Notre-Dame : lettre ouverte de Pascal Jacob

Lettre au Président de la République de Pascal Jacob, Président d’Elysées Mogador et de Strater, Ingénierie et expertises des charpentes et des structures en bois, Vice-Président de l’Association Française des Eaux & Forêts. Président d’Elysées Mogador et de Strater. Paris, le 19 avril 2019. Reconstruction de la charpente de la Cathédrale Notre Dame de Paris.

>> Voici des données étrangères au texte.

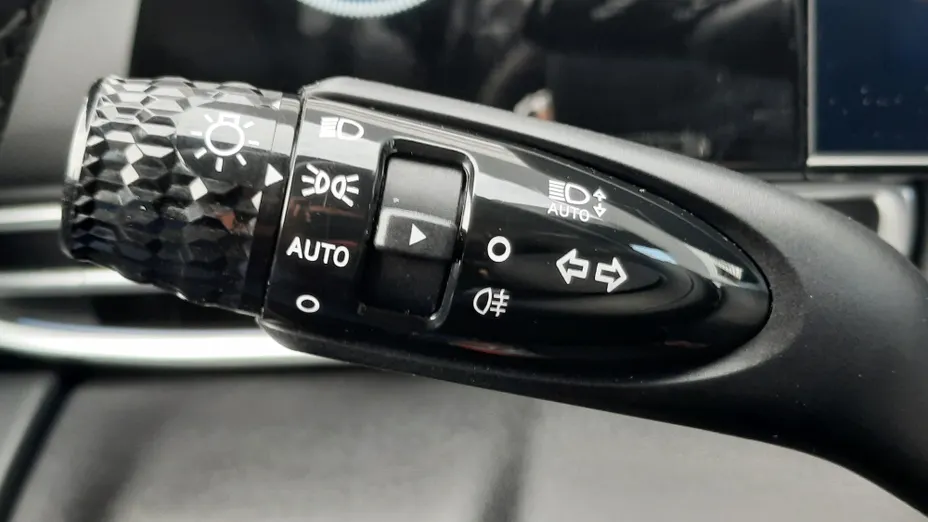 HYUNDAI Elantra Elantra 1.6 Smart CVT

Monsieur Le Président de la République,

Ne pas reconstruire à l’identique la charpente de Notre Dame serait priver la nation de l’un de ses plus prestigieux symboles et sans doute d’une des plus belles références mondiales en termes de structures bois. Cela serait inacceptable. 

A l’heure où le monde lutte contre les effets désastreux des émissions de gaz à effet de serre, l’utilisation d’un autre matériau que le bois serait donner un bien mauvais signe à l’échelle planétaire au mouvement écologique dont notre pays est le leader depuis la COP 21 qui s’est déroulée sur notre sol et où le premier accord universel pour le climat a été approuvé à l’unanimité par les 196 délégations.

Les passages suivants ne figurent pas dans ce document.